** Material for the task follows **

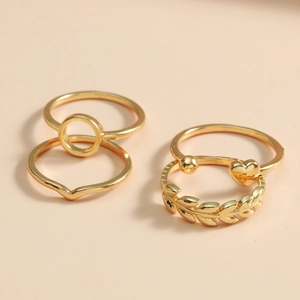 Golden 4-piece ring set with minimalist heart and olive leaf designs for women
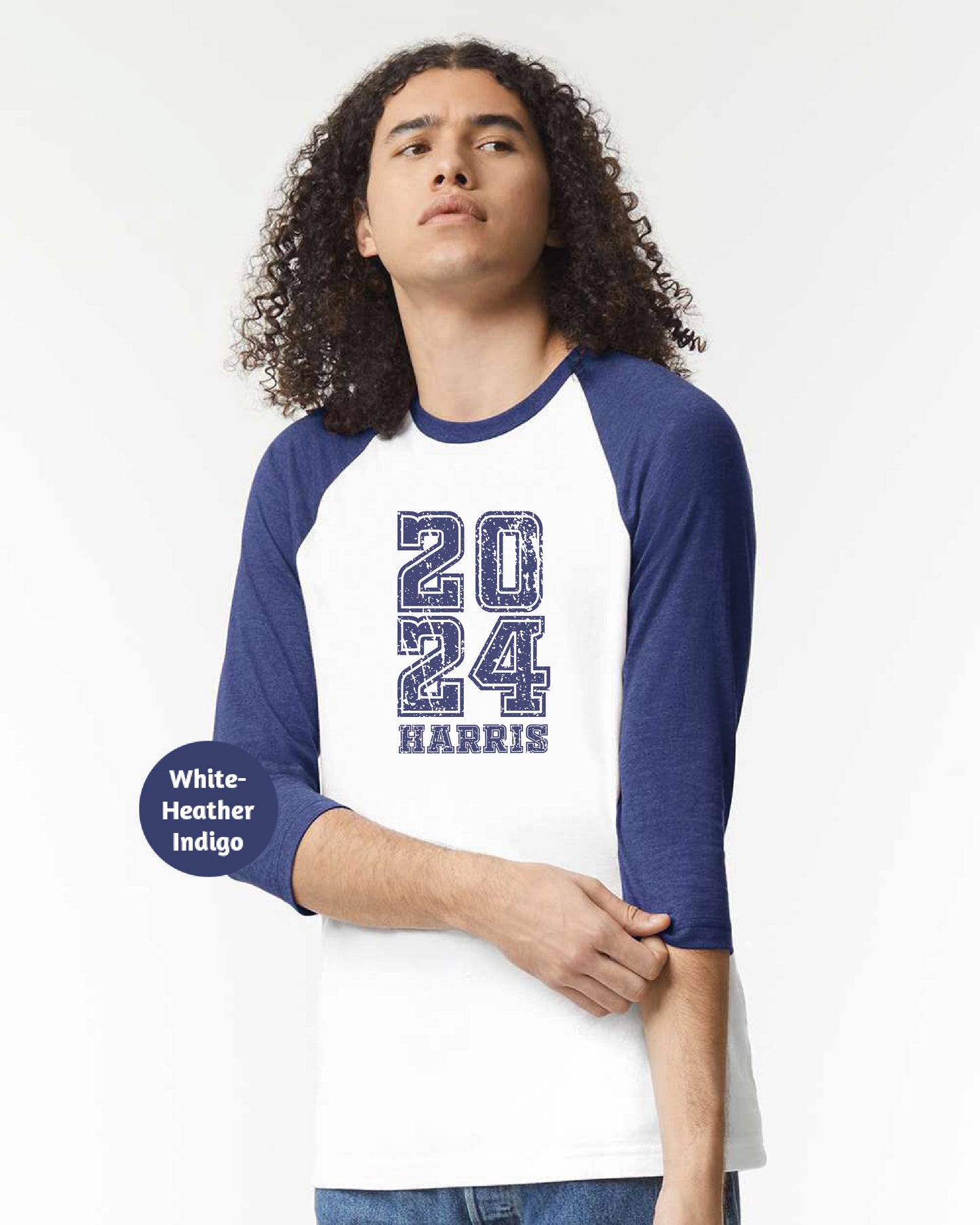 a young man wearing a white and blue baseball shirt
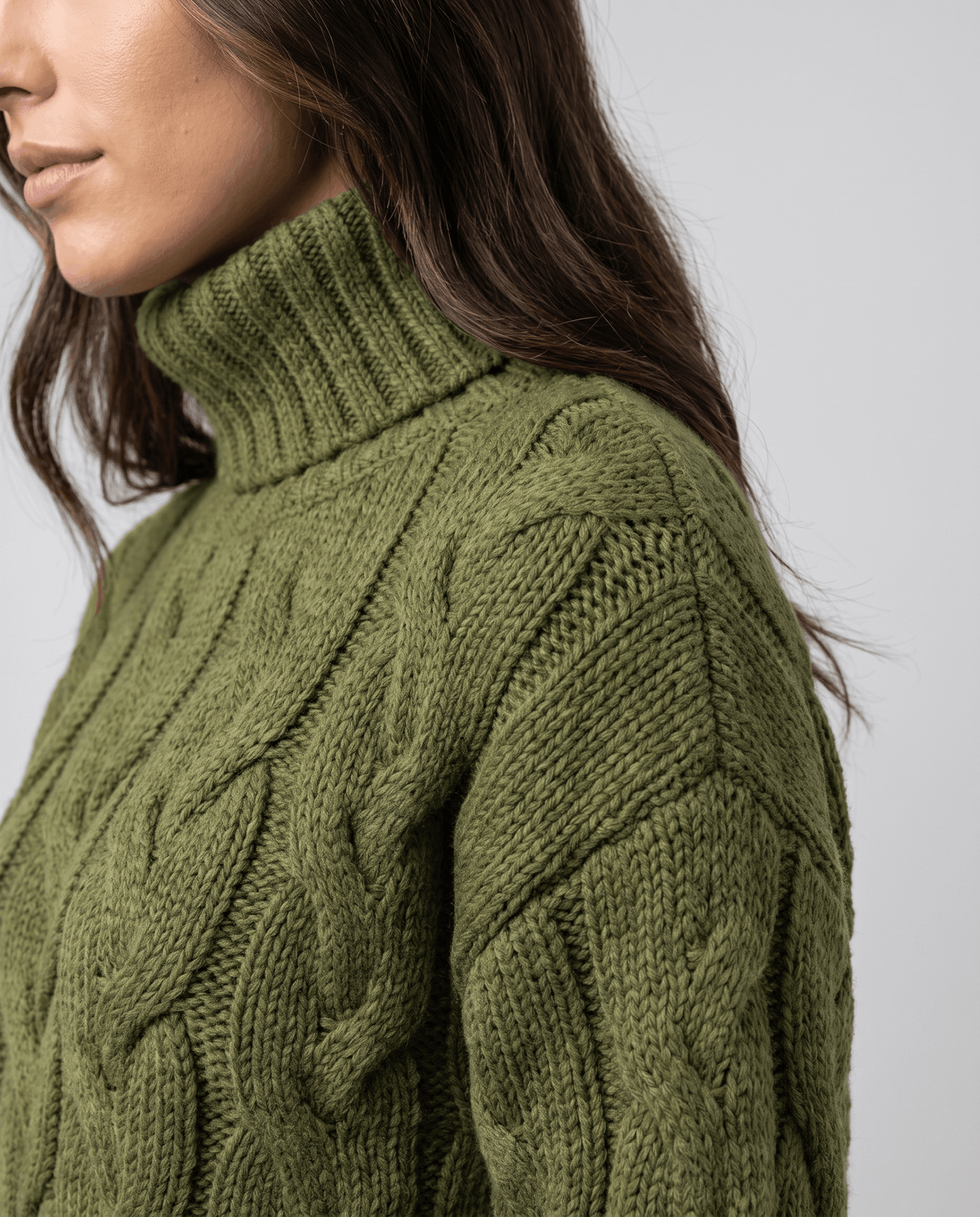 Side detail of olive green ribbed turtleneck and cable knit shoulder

** End of Material for the task **
** Material for the task follows **

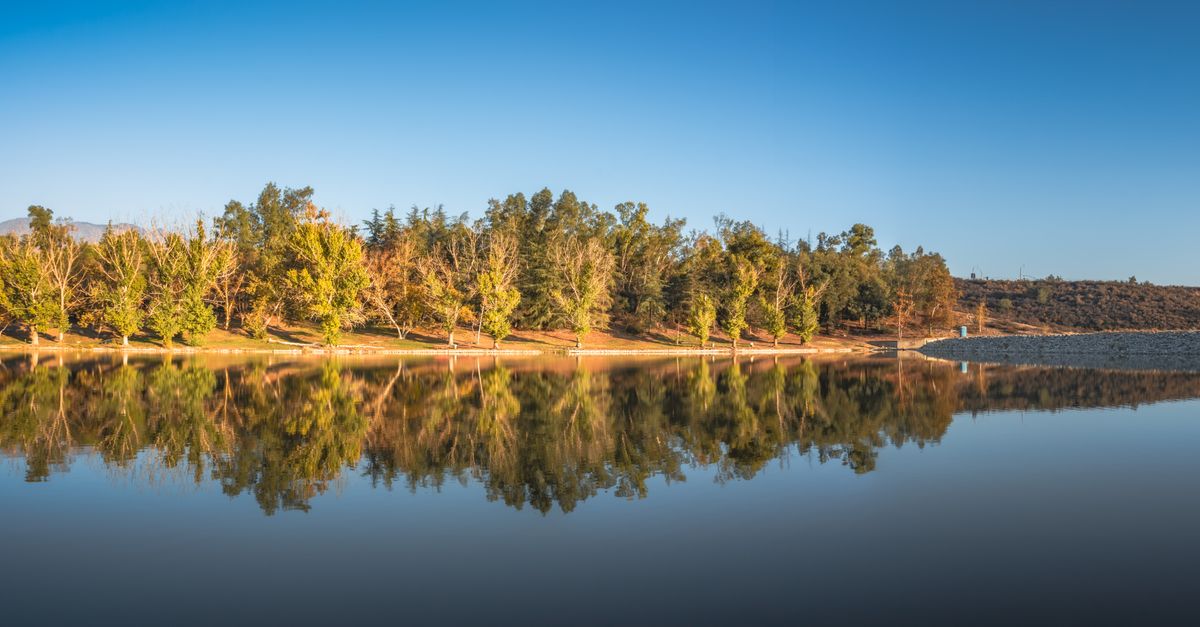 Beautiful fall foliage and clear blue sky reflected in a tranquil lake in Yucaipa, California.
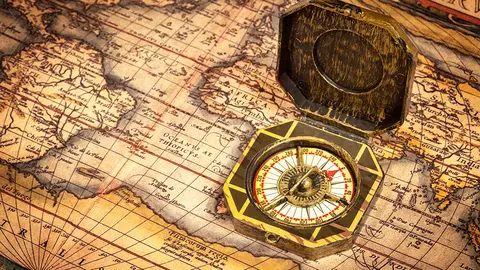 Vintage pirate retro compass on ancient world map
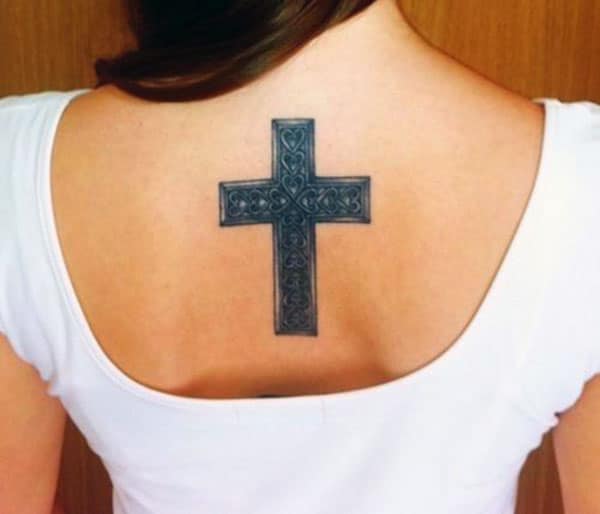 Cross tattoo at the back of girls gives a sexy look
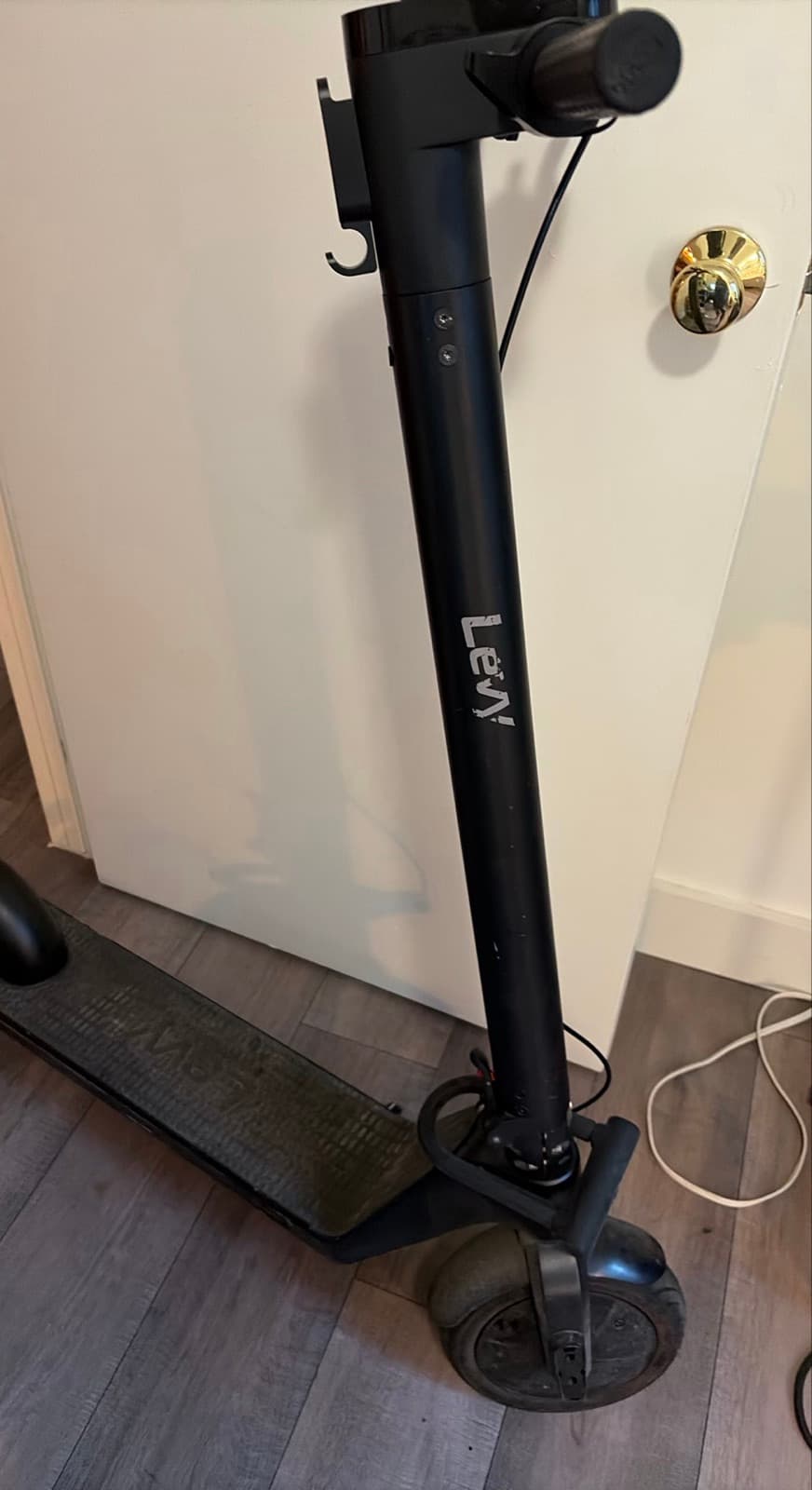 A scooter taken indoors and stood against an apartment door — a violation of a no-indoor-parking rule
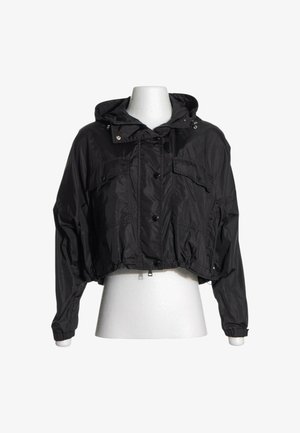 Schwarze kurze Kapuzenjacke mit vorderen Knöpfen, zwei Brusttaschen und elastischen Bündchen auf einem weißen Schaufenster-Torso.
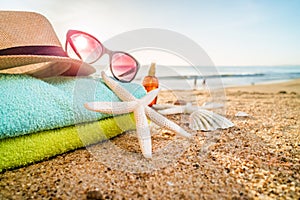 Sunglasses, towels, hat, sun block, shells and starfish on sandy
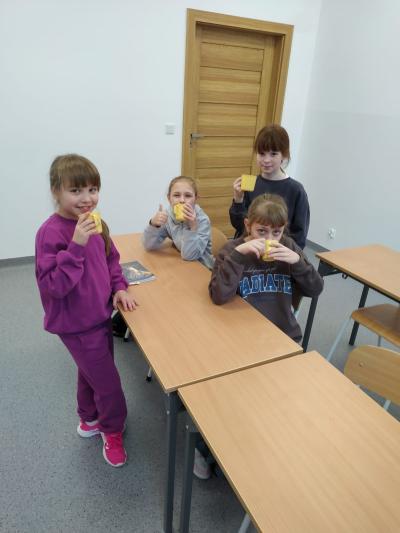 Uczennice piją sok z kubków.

** End of Material for the task **
** Material for the task follows **

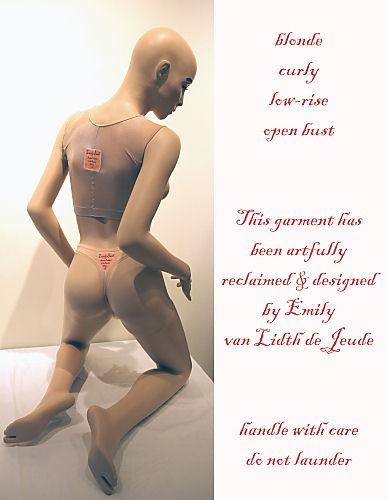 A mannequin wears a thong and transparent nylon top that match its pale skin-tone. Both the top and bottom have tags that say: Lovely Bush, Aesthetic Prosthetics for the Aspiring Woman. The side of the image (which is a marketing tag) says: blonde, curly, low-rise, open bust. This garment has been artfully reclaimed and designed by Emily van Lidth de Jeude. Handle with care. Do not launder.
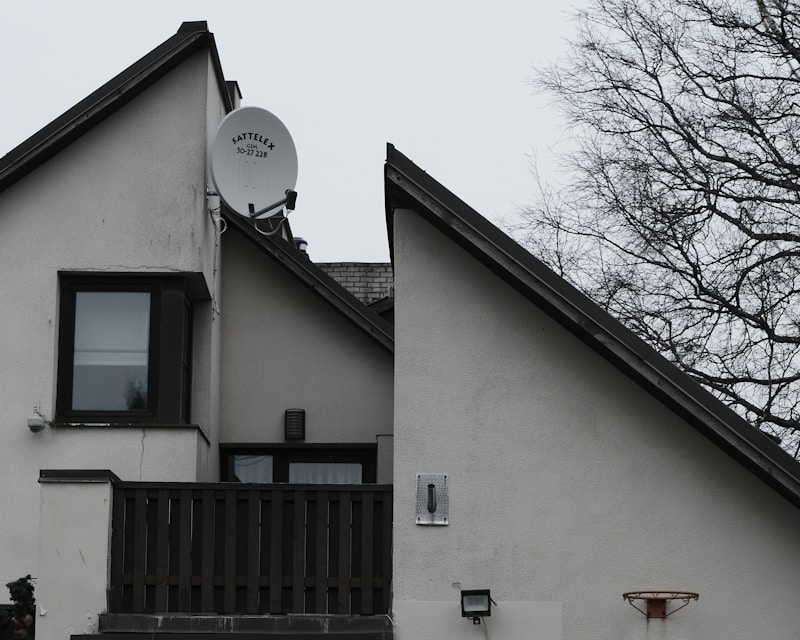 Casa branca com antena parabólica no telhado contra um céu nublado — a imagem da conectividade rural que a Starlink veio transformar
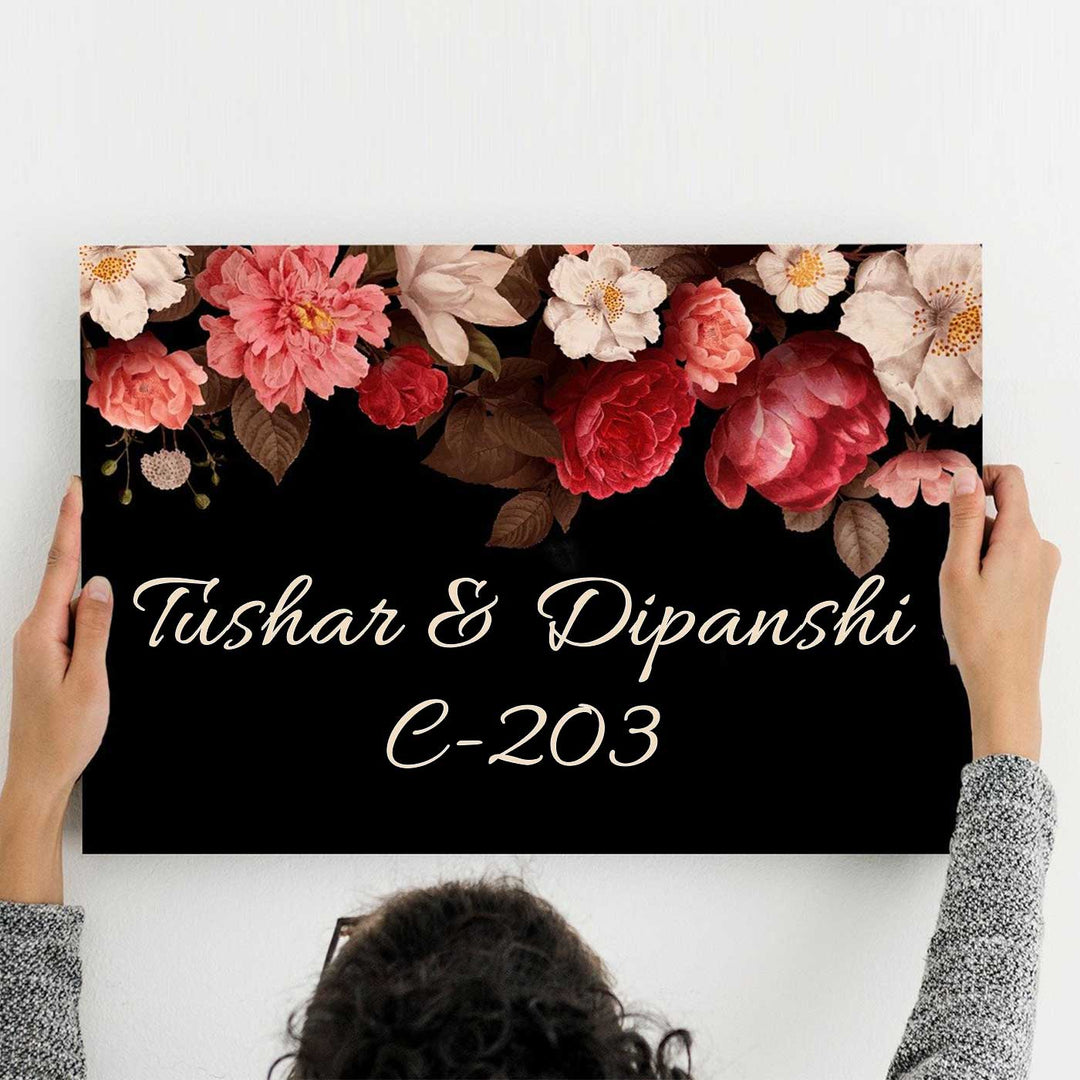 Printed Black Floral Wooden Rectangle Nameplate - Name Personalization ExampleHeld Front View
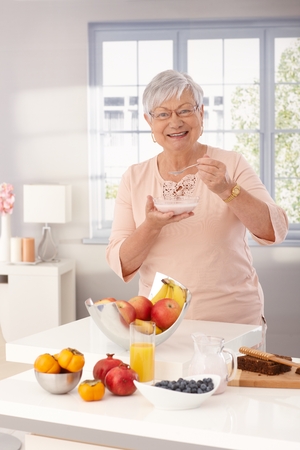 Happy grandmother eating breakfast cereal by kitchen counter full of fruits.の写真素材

** End of Material for the task **

= Exercise prompt =
When you reach the line with "Vintage pirate retro" in the records above, start writing out each line exactly, and stop after the line with "Uczennice piją sok z kubków.". Pictures stay out.

= Written answer =
 Vintage pirate retro compass on ancient world map
 Cross tattoo at the back of girls gives a sexy look
 A scooter taken indoors and stood against an apartment door — a violation of a no-indoor-parking rule
 Schwarze kurze Kapuzenjacke mit vorderen Knöpfen, zwei Brusttaschen und elastischen Bündchen auf einem weißen Schaufenster-Torso.
 Sunglasses, towels, hat, sun block, shells and starfish on sandy
 Uczennice piją sok z kubków.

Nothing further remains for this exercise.